Filed under: Balance, Deep Thoughts, Family, Marriage, Positive Impact, Potential, Sharing — holly.schwendiman @ 9:26 am

Another Halloween has come and gone. My little Iron Man and baby triplet had a great time. Playing with friends is the highlight of their night. In fact, after the first street of trick-or-treating my son was done and ready to just play. This year we had great fun hosting chili and kid’s play area so the parents could sit and visit. We had a wonderful night and commented several times on how different this holiday is in a warm place like AZ.

Blake’s dad was in town for the weekend and it was so much fun to have him. The kids got him to play Rock Band with them and he even tried out the WiiFit game. We went to a movie, some great restaurants and enjoyed time playing and visiting during his stay.

I can’t believe it’s already November. Tomorrow is election day although Blake and I have already voted.
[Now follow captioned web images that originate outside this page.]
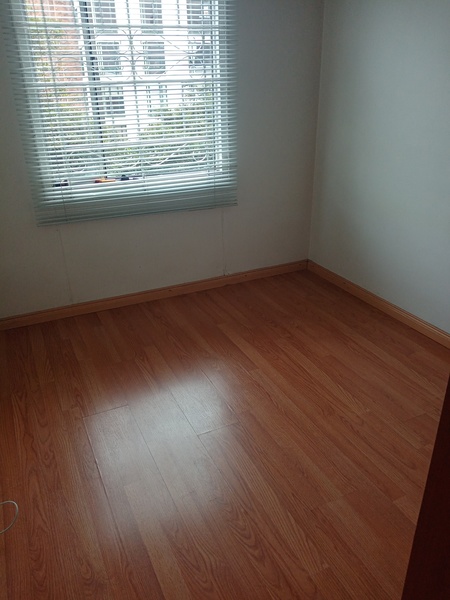 Foto principal habitación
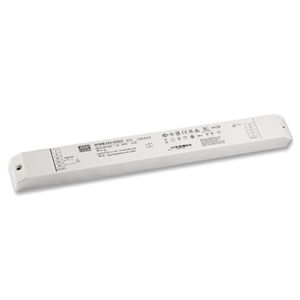 SPWM-240 Series Image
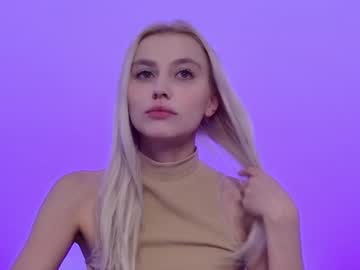 cam girl porn shycinderella image #418675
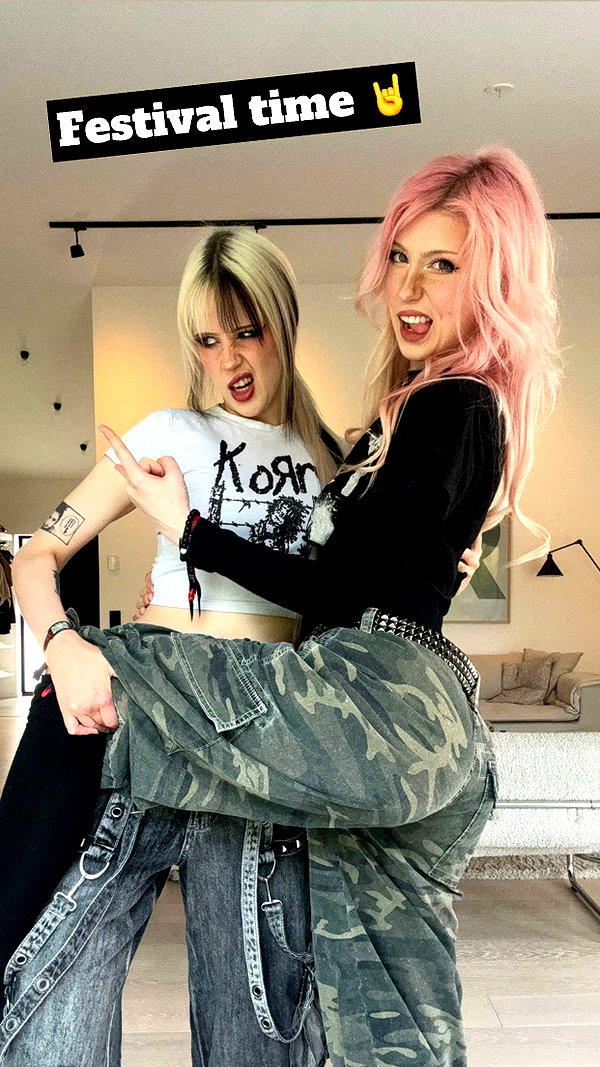 linzoor snapchat image archive image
I’ll be glad to have it over. For the first time since I could vote I feel that we have two good choices for president and I think both would do a great job. Either way history is made with regards to gender and race and either way I think we have great options. I could do without all the mudslinging of campaigns, it makes me crazy. It makes me grateful that we get a four year break before it starts again.

I’m always sad to see so much passed around. Election time is a melting pot for it. People are so quick and eager to believe whatever they hear from someone they like or trust. Few take time to find out if any of it is real or legit so it just keeps growing and circulating. It makes me sad how ready everyone is to believe whatever the media and friends will tell them. I just visualize a whole group of people sitting happily at the bottom of a mountain with their glasses ready to catch the dirty water that makes its way from the top all the way down to them. So ready and willing to drink whatever makes it to them without effort. Personally, I’d rather climb the mountain and get the water myself straight from the source. I don’t care much for mucky water. I wish more people would do the same.
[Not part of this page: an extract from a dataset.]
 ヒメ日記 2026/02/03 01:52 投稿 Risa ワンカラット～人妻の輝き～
I’m feeling very content and grateful at this time in my life. As I’ve reflected on years past it is amazing to see where the journey has led and how far I’ve come. I have two great kids that are completely independent now. Watching them grow and learn is truly a wonder to me. When I was married over 16 years ago I couldn’t imagine loving my husband more. Now I finally understand what it means when people say, “You’ll see.” Surviving so much together really does have a way of strengthening your love and devotion if you push it that way. I look around at my nice home, great family, spoiled luxuries and I wonder what I ever did to deserve so much.